“Go!” said the Jew. “You shall not till I am dead! We can all die together, mistress. Let the Ataman come, I say, and may he die with ten thousand devils dancing before his eyes!”

“Truth! Let him come,” said Michael. “You are here, Wassili, now stay with us. Let Zorogoff come, and by the Holy Saints he or I shall be carried out of the place on a board!”

“And perhaps the American will be glad to meet the Ataman, eh?” said Slipitsky. “We may as well bring him to the test, now that the Ataman knows where you are. We are riding a tiger, and we may as well pull his ears!”


XVI
KATERIN’S STRATAGEM

PETER found himself enmeshed in a maze of conjecture about Vashka. He knew that she was not a samovar girl, yet it was quite possible that she had been compelled to become one for her own safety. But whatever her purpose might be, it was apparent to him that she had expected to find in him a messenger—and that the expected messenger would be an American officer.

As Peter studied the matter, he saw that she would not know the expected messenger by sight, but would have to submit him to some test. It was plain enough that she had been greatly disappointed in Peter, for he had seen in her face signs of actual terror when she realized that she had blundered with him.

It was the possibility that some other American officer was expected in the city which worried Peter. Such an event might well interfere with his plans for killing Kirsakoff. Peter did not want it known to the American army that he had stopped in Chita—at least, only casually. He did not want his presence in the city, nor the time, established too well. He hoped to flit away to Irkutsk and report himself there without any mention of having been in Chita. Then he could come back, report himself in Chita and go on to some other city. In this way he wanted to establish the fact that he had been in Chita, but make it appear that his time in the city had been after Kirsakoff had been killed rather than during the period of the former Governor’s death.
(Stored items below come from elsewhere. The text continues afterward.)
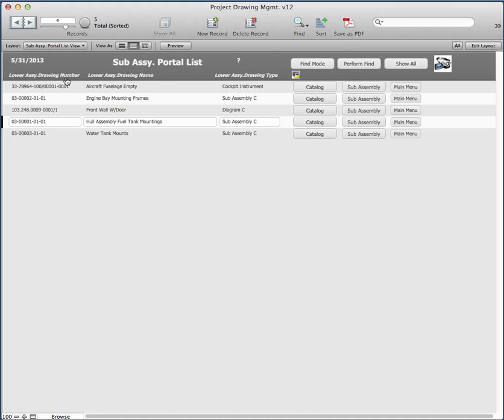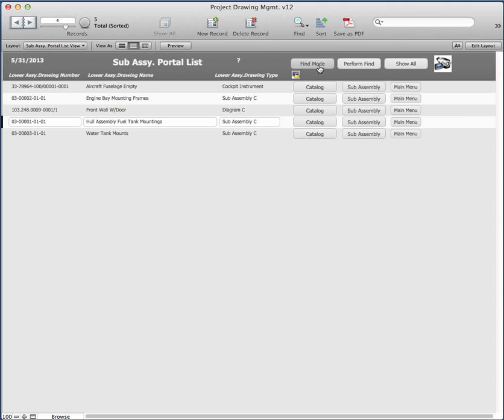This particular version has the catalog and sub-assembly, so you can bounce right back either into the catalog or into the sub-assembly screen. It also has the find mode, perform find and show all like the other screens have had.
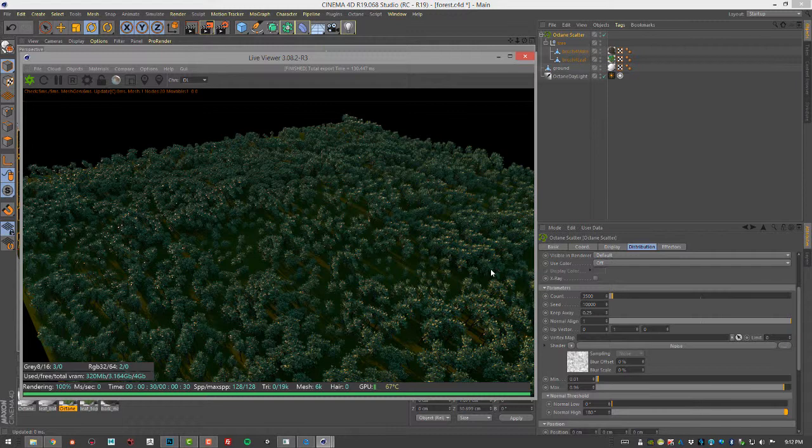You can obviously create a fairly realistic looking forest very quickly if you have a nice tree model or two or three different types of tree models. That's the basics of using the Octane Scatter node to create a forest in Octane for Cinema 4D.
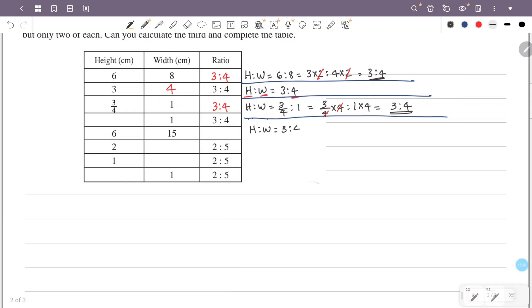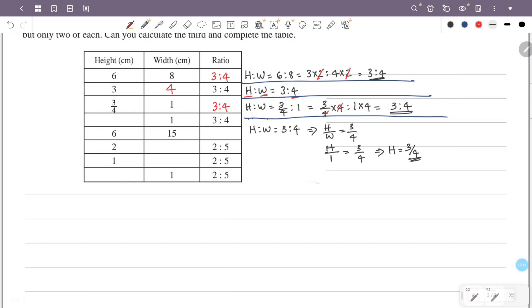The height to width ratio is 3 is to 4, which means h by w equals 3 by 4. The height is 3 by 4.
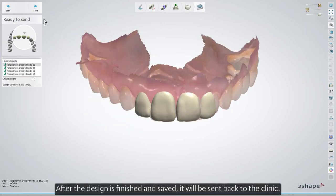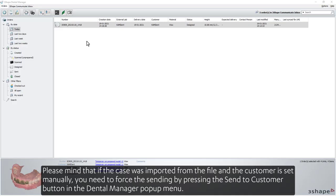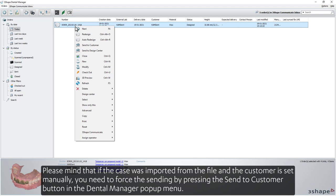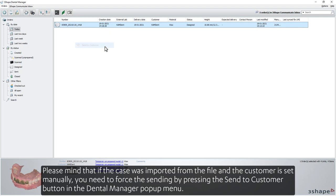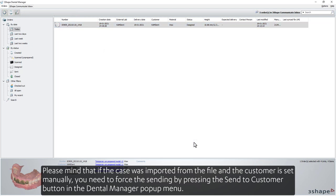After the design is finished and saved, it will be sent back to the clinic. Please mind that if the case was imported from the file and the customer is set manually, you need to force the sending by pressing the Send to Customer button in the Dental Manager pop-up window.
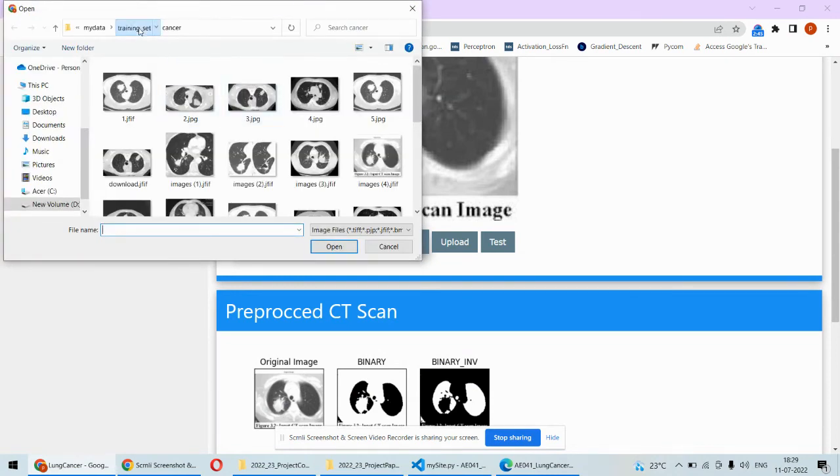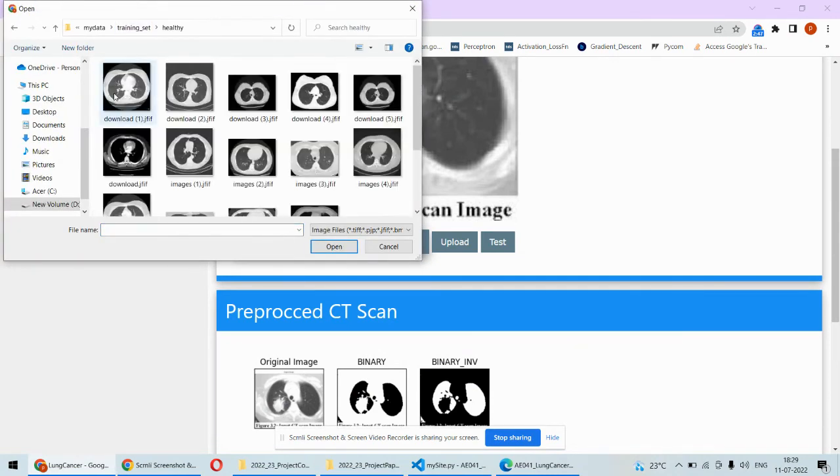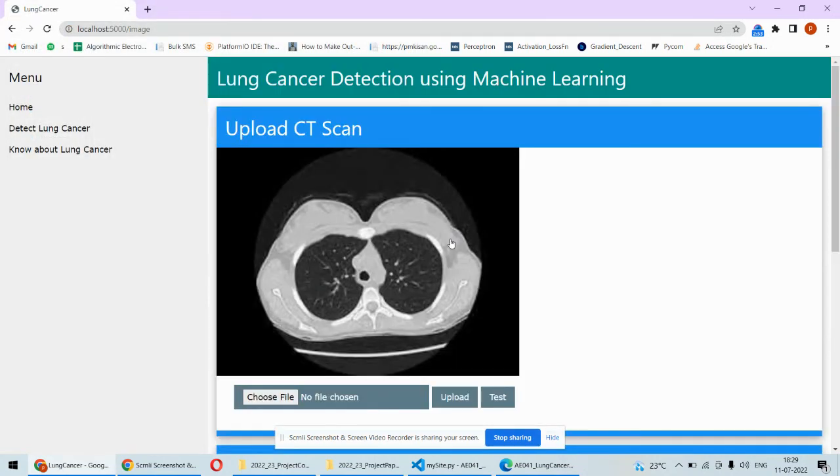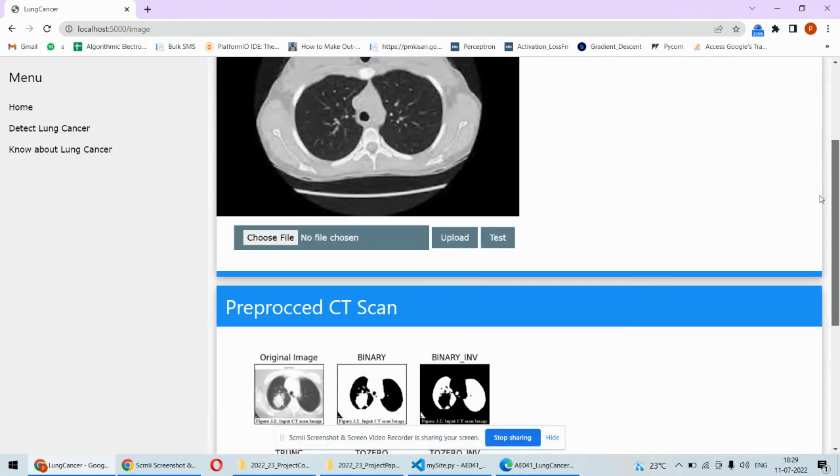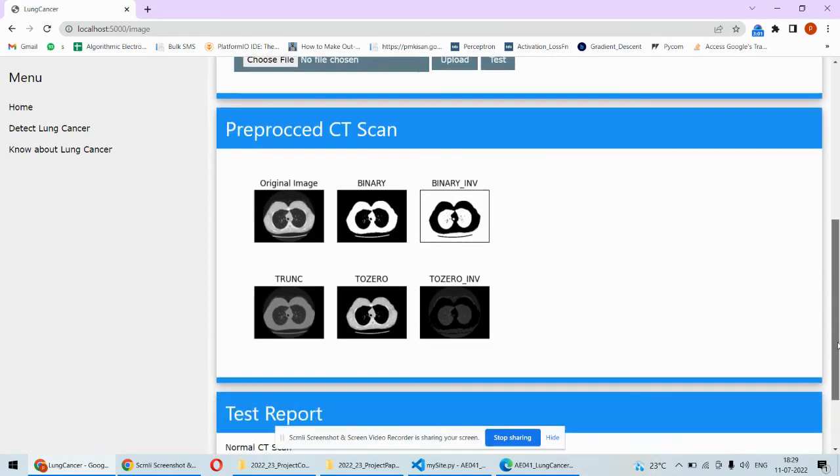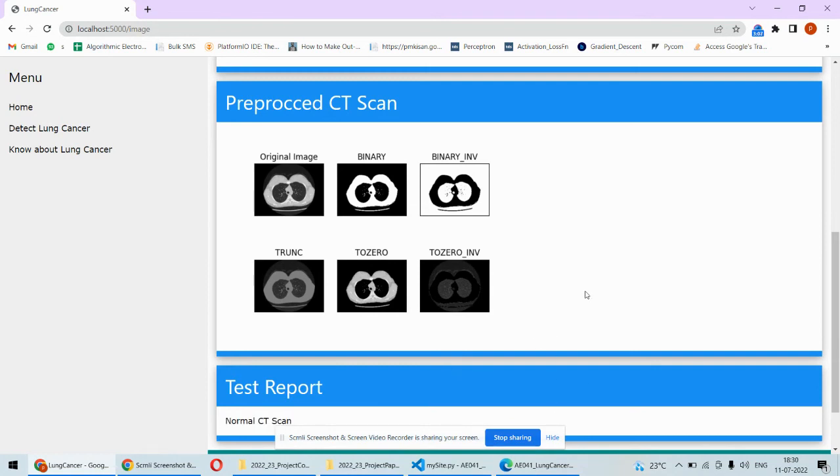But if I pick something different, let's say we now pick up the healthy image which is not having any kind of cancer, for example this one, and then we open it and upload. Right now this is the previous result, so once I click on result we'll get the fresh results. This time we are getting the fresh result and we are getting over here normal CT scan.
But it might take Peter a week or more to find Kirsakoff, and then it would take time to work out the details of the affair in such a way that there would not be the slightest indication that the American officer who had been staying at the hotel had had anything to do with it. But another American officer in the city would complicate the business. The newcomer would expect to keep in close touch with Peter, and would probably expect to share his room—and the stranger might have a Russian-speaking orderly with him. And that would mean that Peter’s facility with the language would be discovered, his request to be sent over into Trans-Baikailia would become significant, the leaving of the orderly at Nikolsk would build up a chain of circumstantial evidence. All that might be awkward for Peter if some slight trifle connected Peter with the killing of Kirsakoff.

Peter wondered if he would see Vashka again. It seemed a remote possibility that she would return. Why should she? She knew now that he was not a messenger, and to visit Peter again could do her no good and might reveal to him the line on which she was working. There was a slight chance that she might be in the American service, but he dismissed that thought, for she had given him no sign that she was a member of the military secret service. His mind being occupied along a certain channel, he had no basis on which to begin to analyze the aims of Vashka. The key to the solution of the problem, for him, was old Rimsky. But that Rimsky was in any way concerned with the visit from Vashka, was as remote from Peter’s mind as would be a suggestion that the samovar girl was the little daughter of Kirsakoff. That little girl still lived in Peter’s memory as a child sitting in a sledge the morning Peter’s father had been killed. His mind held that picture—held it without change. It was a picture which did not take cognizance of the passage of years, a butterfly caught in amber, say, through the ages.